[[ Input for this task open ]]

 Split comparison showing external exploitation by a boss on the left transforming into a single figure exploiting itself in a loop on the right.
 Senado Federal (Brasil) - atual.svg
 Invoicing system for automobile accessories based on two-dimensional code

[[ Input for this task closed ]]
[[ Input for this task open ]]

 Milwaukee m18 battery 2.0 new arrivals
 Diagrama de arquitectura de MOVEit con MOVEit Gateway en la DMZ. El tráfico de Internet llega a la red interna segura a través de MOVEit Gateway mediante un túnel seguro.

[[ Input for this task closed ]]

» Task requirements
I'd like the lines above from the one with "Senado Federal (Brasil) - atual.svg" up to and including the one with "Invoicing system for" copied exactly, with no other lines.

» Finished task
 Senado Federal (Brasil) - atual.svg
 Invoicing system for automobile accessories based on two-dimensional code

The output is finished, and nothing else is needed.